## What to produce
From the data underneath, reproduce exactly the stretch that begins at the line with "Room in 3 BHK" and ends after the line with "407 W 51st Street".

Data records
========================

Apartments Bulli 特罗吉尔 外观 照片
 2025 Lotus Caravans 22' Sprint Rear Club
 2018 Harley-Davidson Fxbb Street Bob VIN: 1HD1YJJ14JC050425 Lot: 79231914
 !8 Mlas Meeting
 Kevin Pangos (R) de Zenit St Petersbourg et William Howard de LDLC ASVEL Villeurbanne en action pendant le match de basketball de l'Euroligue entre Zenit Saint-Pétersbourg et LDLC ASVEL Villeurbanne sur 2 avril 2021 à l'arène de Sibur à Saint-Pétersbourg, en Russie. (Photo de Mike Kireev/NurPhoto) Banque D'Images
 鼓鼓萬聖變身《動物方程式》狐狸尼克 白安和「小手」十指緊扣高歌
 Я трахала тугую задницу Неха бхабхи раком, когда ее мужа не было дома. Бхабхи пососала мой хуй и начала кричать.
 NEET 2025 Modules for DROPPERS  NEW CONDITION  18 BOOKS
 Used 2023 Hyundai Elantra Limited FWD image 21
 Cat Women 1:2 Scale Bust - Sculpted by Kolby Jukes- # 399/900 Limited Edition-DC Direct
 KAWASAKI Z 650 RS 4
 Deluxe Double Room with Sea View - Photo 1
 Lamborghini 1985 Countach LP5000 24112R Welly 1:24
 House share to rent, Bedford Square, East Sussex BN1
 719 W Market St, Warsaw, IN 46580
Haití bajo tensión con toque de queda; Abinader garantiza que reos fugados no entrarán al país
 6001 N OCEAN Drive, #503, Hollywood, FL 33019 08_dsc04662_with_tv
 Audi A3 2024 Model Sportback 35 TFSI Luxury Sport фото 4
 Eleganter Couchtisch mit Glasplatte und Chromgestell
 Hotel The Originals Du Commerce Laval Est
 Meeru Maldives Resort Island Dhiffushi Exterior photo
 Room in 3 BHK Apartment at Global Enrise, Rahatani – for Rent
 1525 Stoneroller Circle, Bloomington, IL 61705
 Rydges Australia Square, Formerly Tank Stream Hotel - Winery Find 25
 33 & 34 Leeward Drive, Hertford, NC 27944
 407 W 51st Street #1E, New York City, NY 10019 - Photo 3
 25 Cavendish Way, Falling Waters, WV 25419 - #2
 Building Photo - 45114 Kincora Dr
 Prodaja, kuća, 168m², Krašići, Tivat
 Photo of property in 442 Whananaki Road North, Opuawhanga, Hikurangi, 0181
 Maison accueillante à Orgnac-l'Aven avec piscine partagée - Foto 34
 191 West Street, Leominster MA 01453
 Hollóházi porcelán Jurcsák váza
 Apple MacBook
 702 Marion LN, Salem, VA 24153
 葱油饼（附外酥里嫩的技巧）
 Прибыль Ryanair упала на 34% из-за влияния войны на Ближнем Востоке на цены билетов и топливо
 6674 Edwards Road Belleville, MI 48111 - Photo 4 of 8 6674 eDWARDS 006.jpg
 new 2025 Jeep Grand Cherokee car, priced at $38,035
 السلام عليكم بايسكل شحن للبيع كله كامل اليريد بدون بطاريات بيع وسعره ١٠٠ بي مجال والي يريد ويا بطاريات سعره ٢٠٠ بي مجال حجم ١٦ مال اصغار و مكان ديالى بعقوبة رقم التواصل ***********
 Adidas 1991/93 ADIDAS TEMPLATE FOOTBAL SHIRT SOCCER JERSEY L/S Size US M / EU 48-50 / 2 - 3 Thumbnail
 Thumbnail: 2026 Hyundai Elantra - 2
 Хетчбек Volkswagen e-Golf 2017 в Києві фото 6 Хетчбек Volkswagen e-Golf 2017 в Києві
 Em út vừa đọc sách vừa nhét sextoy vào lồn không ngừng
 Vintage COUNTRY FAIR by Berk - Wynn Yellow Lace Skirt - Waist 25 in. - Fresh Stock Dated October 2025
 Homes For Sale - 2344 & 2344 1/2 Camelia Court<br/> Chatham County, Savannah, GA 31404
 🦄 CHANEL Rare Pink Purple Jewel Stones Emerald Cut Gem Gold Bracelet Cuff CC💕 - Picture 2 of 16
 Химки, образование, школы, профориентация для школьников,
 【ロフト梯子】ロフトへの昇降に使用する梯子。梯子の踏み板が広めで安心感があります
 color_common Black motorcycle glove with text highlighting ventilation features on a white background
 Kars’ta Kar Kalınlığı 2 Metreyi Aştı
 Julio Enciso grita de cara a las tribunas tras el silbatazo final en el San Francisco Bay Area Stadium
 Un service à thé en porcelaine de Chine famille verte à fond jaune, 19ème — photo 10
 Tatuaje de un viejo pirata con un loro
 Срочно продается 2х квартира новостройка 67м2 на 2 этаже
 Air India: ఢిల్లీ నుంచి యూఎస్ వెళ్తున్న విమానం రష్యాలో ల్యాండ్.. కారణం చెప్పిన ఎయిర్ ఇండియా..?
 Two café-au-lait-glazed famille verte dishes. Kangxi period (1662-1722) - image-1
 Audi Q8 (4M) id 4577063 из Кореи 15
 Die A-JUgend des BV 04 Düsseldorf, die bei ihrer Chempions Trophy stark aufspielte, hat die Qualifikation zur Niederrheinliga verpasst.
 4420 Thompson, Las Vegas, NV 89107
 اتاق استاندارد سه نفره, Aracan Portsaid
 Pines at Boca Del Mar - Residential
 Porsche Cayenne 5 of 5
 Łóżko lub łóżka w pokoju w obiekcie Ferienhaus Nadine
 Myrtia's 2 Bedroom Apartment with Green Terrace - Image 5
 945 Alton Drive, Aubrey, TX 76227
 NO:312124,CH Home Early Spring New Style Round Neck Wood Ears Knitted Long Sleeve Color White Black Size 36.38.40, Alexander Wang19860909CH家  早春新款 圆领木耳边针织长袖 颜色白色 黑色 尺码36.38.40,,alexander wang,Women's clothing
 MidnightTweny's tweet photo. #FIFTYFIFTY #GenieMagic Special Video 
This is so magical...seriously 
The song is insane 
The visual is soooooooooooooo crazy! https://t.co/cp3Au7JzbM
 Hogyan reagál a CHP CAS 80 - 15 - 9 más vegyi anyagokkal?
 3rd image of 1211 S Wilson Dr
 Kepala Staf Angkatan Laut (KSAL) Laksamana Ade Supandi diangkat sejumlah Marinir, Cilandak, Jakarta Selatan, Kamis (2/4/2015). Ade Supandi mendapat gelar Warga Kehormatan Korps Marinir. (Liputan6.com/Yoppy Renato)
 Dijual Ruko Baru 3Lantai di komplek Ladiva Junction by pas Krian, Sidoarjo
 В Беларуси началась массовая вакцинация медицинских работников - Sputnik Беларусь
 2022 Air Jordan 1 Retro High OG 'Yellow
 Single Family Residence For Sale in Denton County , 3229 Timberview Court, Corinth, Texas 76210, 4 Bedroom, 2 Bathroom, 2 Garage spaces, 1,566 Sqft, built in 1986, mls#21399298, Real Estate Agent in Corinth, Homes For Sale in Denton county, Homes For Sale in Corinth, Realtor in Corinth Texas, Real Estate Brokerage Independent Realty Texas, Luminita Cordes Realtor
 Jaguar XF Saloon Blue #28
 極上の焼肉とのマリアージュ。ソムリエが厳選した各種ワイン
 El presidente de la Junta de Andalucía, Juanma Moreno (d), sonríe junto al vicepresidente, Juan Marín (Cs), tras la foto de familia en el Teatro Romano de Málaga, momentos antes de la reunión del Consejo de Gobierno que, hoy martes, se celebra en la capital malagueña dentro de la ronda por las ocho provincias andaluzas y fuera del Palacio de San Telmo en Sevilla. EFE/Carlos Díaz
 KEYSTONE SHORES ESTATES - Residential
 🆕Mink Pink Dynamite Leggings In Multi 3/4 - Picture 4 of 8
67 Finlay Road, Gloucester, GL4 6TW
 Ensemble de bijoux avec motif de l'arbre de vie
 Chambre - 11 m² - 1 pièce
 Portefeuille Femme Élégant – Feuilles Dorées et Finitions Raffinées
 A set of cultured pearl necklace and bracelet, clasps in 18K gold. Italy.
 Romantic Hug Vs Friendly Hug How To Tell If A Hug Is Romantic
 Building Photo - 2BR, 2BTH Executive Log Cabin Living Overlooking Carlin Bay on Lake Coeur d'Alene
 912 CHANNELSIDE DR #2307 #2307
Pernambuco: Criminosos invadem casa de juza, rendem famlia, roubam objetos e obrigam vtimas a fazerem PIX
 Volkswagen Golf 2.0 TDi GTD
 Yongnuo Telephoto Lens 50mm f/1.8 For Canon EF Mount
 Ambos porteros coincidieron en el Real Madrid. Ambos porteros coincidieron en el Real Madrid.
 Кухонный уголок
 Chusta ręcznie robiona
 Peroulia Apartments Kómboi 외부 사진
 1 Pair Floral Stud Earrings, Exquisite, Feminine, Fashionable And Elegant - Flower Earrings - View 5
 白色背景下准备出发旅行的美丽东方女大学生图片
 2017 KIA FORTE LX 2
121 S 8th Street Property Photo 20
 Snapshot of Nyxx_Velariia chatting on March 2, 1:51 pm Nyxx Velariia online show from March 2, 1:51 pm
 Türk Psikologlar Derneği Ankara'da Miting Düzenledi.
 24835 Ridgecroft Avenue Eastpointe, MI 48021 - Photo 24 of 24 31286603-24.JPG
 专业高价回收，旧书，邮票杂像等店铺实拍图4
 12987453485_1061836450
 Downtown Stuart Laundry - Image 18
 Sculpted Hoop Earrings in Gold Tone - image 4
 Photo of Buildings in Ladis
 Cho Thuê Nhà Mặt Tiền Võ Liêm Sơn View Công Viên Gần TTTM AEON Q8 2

========================

## Problem solution
 Room in 3 BHK Apartment at Global Enrise, Rahatani – for Rent
 1525 Stoneroller Circle, Bloomington, IL 61705
 Rydges Australia Square, Formerly Tank Stream Hotel - Winery Find 25
 33 & 34 Leeward Drive, Hertford, NC 27944
 407 W 51st Street #1E, New York City, NY 10019 - Photo 3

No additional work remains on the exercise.